⟨

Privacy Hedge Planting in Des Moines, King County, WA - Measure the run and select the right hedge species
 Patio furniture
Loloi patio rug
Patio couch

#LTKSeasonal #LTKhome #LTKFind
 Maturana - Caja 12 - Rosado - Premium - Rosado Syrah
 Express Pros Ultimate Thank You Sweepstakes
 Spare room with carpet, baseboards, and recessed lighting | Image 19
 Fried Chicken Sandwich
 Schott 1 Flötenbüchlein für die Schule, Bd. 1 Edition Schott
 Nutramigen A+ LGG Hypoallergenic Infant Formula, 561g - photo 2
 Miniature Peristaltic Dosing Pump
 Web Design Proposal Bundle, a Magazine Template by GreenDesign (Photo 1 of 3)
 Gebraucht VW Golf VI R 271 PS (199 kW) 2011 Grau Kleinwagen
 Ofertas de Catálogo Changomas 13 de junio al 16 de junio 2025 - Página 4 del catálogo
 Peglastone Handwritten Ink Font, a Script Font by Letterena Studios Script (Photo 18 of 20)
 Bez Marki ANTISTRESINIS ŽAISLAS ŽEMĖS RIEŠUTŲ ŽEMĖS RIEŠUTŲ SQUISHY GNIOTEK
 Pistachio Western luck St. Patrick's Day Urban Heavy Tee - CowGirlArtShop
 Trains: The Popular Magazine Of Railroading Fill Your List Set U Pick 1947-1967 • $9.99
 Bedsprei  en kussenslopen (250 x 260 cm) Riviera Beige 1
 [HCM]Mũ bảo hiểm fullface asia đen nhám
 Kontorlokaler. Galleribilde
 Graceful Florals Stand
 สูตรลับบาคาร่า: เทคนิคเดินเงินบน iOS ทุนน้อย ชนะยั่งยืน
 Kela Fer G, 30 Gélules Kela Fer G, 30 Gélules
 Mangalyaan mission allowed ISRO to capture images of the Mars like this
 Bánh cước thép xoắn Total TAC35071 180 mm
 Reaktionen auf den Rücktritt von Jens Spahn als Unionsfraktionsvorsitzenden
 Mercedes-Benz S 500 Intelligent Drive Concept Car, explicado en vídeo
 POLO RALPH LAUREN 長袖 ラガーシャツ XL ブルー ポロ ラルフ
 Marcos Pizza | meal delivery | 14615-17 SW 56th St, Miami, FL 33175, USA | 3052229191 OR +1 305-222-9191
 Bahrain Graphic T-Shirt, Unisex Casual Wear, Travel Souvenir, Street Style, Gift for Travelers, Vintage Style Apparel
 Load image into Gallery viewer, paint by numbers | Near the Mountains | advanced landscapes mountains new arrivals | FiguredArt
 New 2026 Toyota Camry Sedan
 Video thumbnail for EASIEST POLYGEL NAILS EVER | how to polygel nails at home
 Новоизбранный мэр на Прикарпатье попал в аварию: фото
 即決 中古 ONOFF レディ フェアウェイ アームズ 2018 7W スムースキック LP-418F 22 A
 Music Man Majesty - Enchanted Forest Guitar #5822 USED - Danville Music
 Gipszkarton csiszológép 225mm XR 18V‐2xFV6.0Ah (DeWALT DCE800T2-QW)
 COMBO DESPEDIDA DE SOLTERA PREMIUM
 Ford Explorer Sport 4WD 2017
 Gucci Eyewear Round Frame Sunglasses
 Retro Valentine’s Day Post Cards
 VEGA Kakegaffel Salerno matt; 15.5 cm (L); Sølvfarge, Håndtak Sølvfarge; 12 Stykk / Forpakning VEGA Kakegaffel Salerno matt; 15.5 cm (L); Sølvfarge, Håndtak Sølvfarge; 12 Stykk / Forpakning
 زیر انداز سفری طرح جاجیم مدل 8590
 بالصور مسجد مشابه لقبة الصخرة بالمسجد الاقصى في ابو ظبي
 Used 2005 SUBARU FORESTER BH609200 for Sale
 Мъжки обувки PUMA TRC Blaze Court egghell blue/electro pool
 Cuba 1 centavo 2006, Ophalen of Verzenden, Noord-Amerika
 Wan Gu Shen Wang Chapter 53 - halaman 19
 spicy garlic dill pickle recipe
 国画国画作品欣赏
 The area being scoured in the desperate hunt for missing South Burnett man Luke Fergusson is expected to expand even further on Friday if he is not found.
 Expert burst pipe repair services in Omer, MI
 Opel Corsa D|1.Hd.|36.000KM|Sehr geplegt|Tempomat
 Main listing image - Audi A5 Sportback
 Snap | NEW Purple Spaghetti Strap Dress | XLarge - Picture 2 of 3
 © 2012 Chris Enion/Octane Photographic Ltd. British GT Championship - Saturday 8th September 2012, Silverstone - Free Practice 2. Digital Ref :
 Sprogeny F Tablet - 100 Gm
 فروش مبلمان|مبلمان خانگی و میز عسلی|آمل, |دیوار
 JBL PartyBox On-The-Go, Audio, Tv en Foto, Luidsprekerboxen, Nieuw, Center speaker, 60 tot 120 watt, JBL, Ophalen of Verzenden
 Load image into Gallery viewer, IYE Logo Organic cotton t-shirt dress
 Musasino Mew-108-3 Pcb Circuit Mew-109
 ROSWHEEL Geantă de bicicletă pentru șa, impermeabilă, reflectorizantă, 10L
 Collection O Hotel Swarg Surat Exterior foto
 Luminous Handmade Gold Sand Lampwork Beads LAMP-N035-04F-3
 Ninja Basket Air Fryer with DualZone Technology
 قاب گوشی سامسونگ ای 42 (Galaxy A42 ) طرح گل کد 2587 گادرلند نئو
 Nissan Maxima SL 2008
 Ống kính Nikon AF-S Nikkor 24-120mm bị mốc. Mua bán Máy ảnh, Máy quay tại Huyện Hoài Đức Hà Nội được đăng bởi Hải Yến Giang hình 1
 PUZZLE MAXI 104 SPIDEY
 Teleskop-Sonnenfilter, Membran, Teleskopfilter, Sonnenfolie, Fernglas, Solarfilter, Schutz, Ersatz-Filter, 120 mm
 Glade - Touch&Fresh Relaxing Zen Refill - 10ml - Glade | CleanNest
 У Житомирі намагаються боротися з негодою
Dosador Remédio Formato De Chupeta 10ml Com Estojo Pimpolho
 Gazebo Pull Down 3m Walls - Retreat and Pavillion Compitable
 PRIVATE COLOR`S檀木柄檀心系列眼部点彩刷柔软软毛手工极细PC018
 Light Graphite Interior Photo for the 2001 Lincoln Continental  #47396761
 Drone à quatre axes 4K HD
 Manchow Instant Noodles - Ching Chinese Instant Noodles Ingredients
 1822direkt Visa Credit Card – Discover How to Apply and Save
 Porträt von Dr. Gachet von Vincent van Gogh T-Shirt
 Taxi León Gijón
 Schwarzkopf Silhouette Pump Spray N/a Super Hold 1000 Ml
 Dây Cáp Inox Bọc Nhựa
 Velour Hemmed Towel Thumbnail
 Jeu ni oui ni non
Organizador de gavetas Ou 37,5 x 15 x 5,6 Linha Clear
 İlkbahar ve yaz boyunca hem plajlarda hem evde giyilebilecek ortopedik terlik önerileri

⟩

— Task to carry out —
A single figure must be given: how many lines of the records above include the string "with".

— Answer area —
2